Das folge insbesondere daraus, daß es bis zum Marktzutritt von "Café au lait" im Frühjahr 1996 kein vergleichbar gestaltetes Speiseeis gegeben habe. Die dem Erzeugnis "Viennetta" und dessen Verpackung bereits von Hause aus zukommende , zumindest durchschnittliche wettbewerbliche Eigenart sei in den mehr als zehn Jahren bis zum Marktzutritt von "Café aulait" beachtlich gestärkt worden.
Vor diesem Hintergrund kämen das Erzeugnis "Café aulait" und dessen Verpackungen nach ihrem optischen Gesamteindruck dem Produkt "Viennetta" so nahe, daß von der Gefahr einer betrieblichen Herkunftstäuschung auszugehen sei. Das Erscheinungsbild von "Café au lait" werde maßgeblich von den übereinandergeschichteten Wellenreihen bestimmt, die optisch dessen Längsseiten beherrschten und deren Bewegung ebenfalls an der Oberfläche des Eises sichtbar sei. Damit beziehe das Produkt der Beklagten seine wettbewerbliche Eigenart gerade aus einem vom Publikum als Besonderheit der Aufmachung von "Viennetta" in Erinnerung behaltenen und bei Konkurrenzprodukten nicht bekannten Gestaltungsmerkmal, wobei sich die optische Übereinstimmung bei der Umsetzung dieses Merkmals fortsetze. Da der Verbraucher sich zudem erfahrungsgemäß eher an den Gemeinsamkeiten als an den Unterschieden der Produkte orientiere, werde ein zumindest nicht unbeachtlicher Teil des Publikums wegen dieser unverkennbaren Gemeinsamkeit der Produkte in einem maßgeblichen ästhetischen Merkmal ohne längeres Nachdenken "Café au lait" für ein Schwesterprodukt des Herstellers von "Viennetta" oder jedenfalls für ein Produkt eines Unternehmens halten, das aufgrund von rechtlichen oder sonstigen Beziehungen zum Hersteller von "Viennetta" zur Verwendung dieser Gestaltung berechtigt sei. Im Hinblick auf die von der Beklagten damit geschaffene Gefahr einer betrieblichen Herkunftstäuschung im mittelbaren sowie im weiteren Sinne spielten der Umstand, daß breite Kreise
der Verbraucher womöglich mit "Viennetta" auch oder sogar in erster Linie spontan die Vorstellung von einem Blättereis verbinden würden, sowie die weiteren Unterschiede zwischen diesem Eis und "Café au lait" keine Rolle mehr.

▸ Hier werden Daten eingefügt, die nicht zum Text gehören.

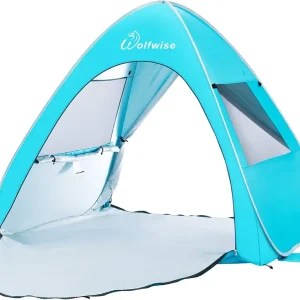 WolfWise UPF 50+ Easy Pop Up Beach Tent Sun Shelter Instant Automatic Portable Sport Umbrella Indoor Playhouse Canopy Cabana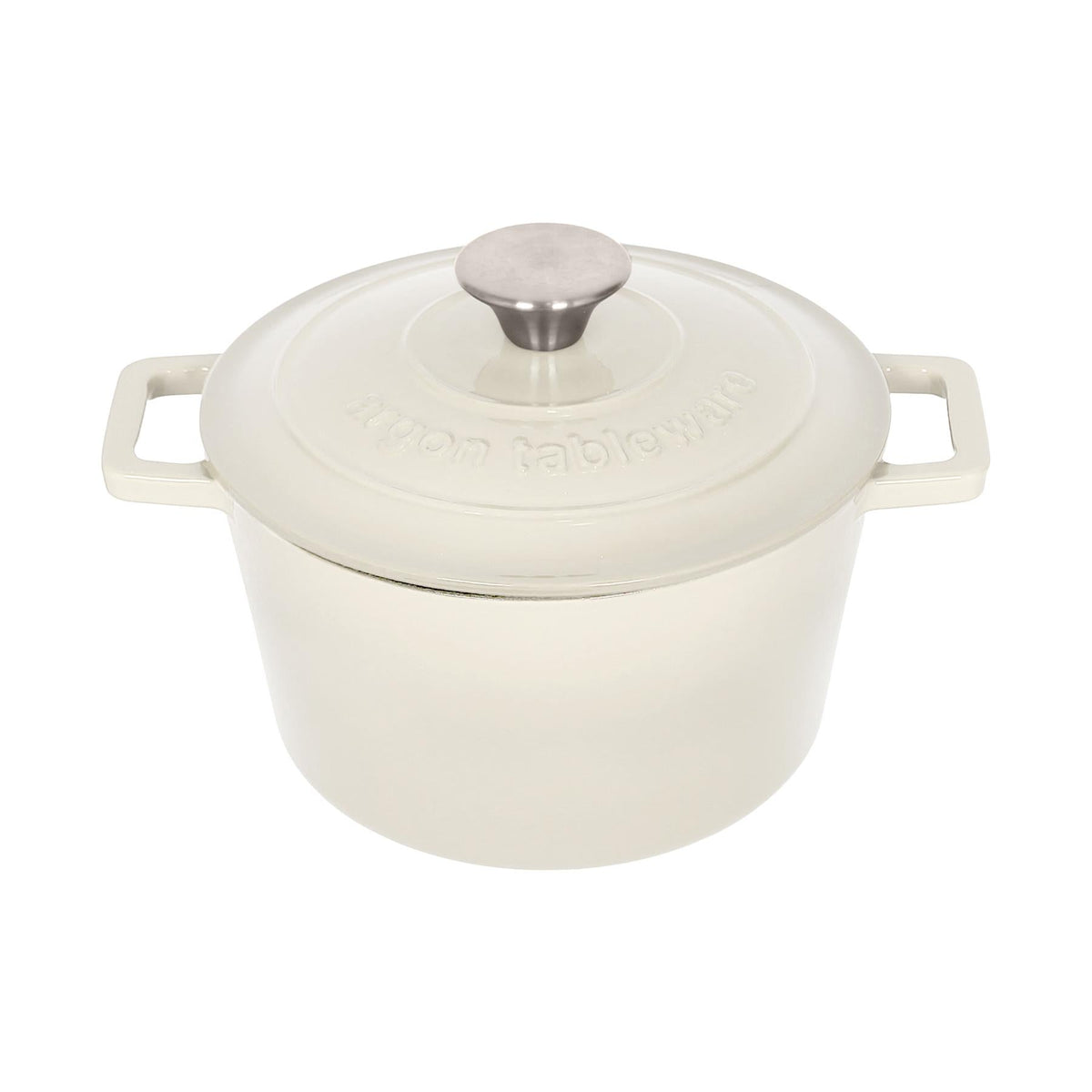 2.8L Pebble Gloss Round Cast Iron Casserole Dish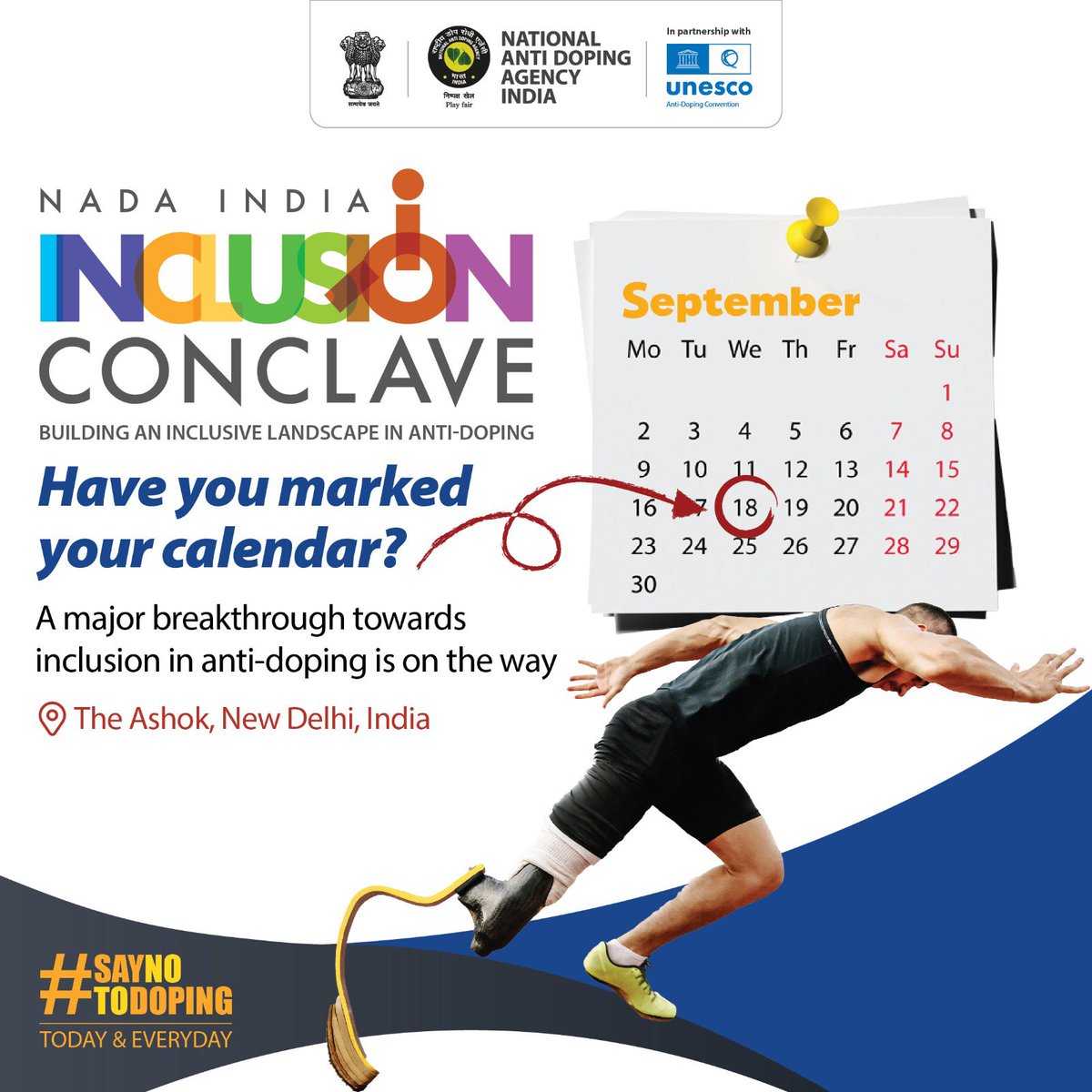 NADAIndiaOffice's tweet photo. A journey towards  practising inclusion, fair play, and integrity is about to unfold. Stay tuned for the second edition of NADA India's Inclusion Conclave.

#NADAIndia #Inclusion #InclusionConclave2024 #IForIntegrity #NADAIndiaInclusionConclave #Athlete #AthletesWithDisabilities #PlayTrue #Sports #PlayFair #CleanSport #AntiDoping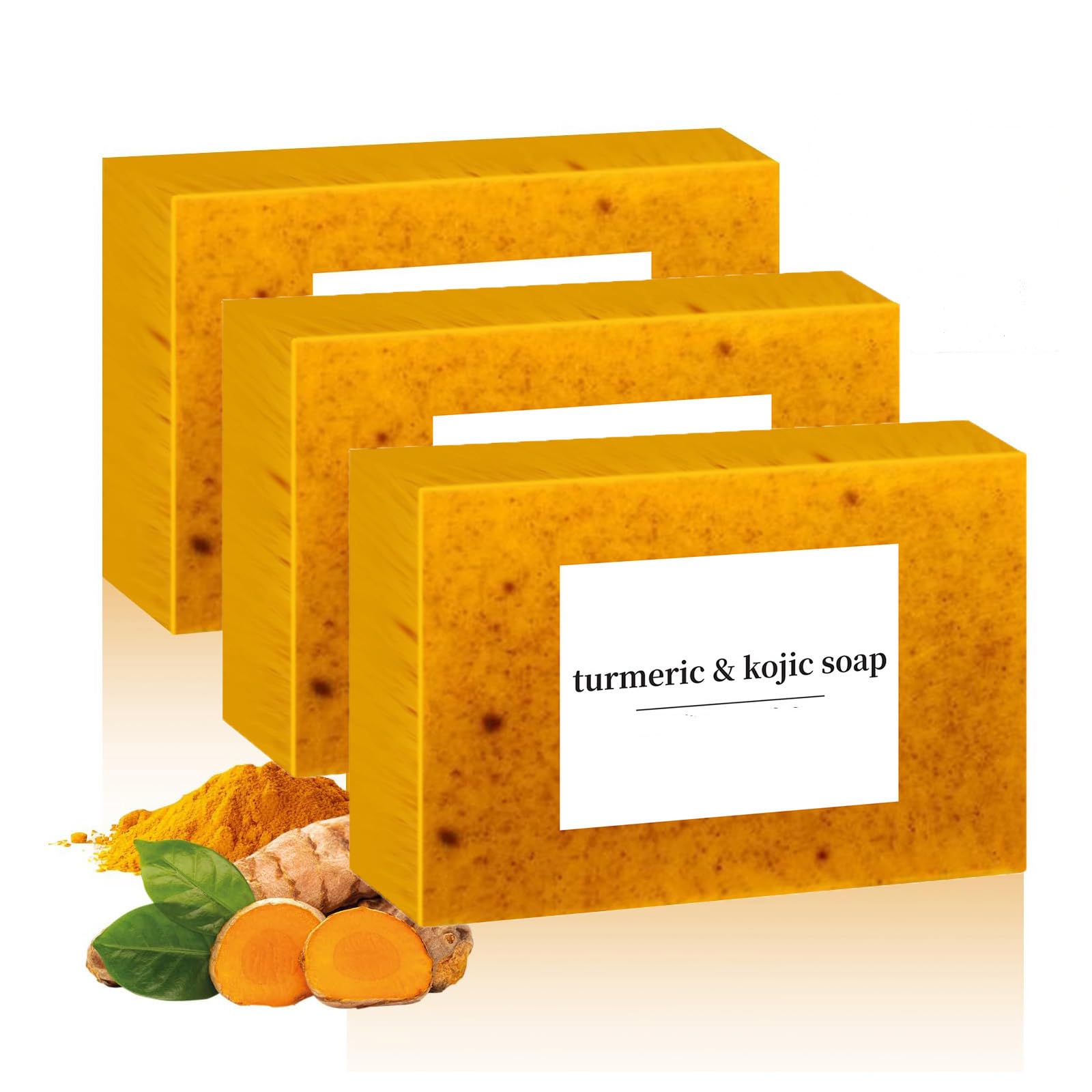 3PCS Honey Glow Lemon Turmeric Soap for Face and Body, Natural Turmeric Handmade Soap for All Skin Types
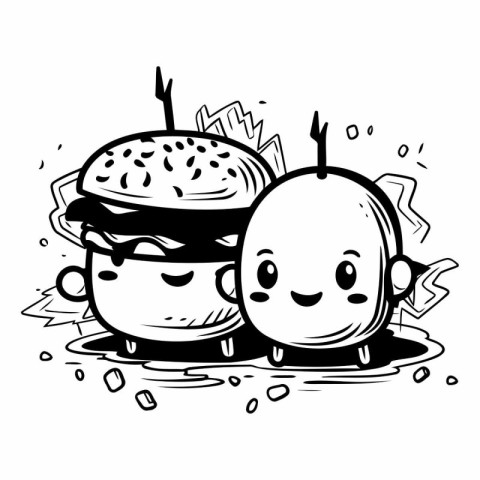 Black and White Cartoon Illustration of Funny Burger Comic Chara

Bei den mit der Klage angegriffenen Verpackungen der Beklagten bestehe die Gefahr einer betrieblichen Herkunftstäuschung ebenfalls; denn deren Gesamteindruck werde maßgeblich von der in sämtlichen Details groß und deutlich wiedergegebenen Abbildung des Erzeugnisses "Café au lait" geprägt, bei der insbesondere die Wellenstruktur sofort ins Auge springe. Die anderen Elemente der Ausstattung dienten lediglich als beschreibende Hinweise auf den Eisgeschmack oder seien jedenfalls ungeeignet, den Eindruck von "Café au lait" als einer Zweitmarke von "Viennetta" bzw. als einem vom Hersteller von "Viennetta" lizenzierten Produkt ausreichend entgegenzuwirken. Auch der Unternehmenshinweis "S. " auf der Verpackung des Eises schaffe nicht den notwendigen Abstand von "Viennetta".
Die Beklagte handele auch subjektiv unlauter i.S. von § 1 UWG, weil sie die Gestaltung von "Viennetta" in Kenntnis der maßgeblichen Umstände ohne Not nachgeahmt habe.
Da die Klage damit bereits gemäß § 1 UWG unter dem Gesichtspunkt der vermeidbaren Herkunftstäuschung begründet sei, bedürfe es keiner Prüfung , ob sie auch gemäß § 14 Abs. 2 Nr. 2, § 4 Nr. 2 MarkenG begründet wäre.
II. Die gegen diese Beurteilung gerichteten Angriffe der Revision haben Erfolg. Sie führen zur Aufhebung des angegriffenen Urteils und zur Zurückverweisung des Rechtsstreits an das Berufungsgericht.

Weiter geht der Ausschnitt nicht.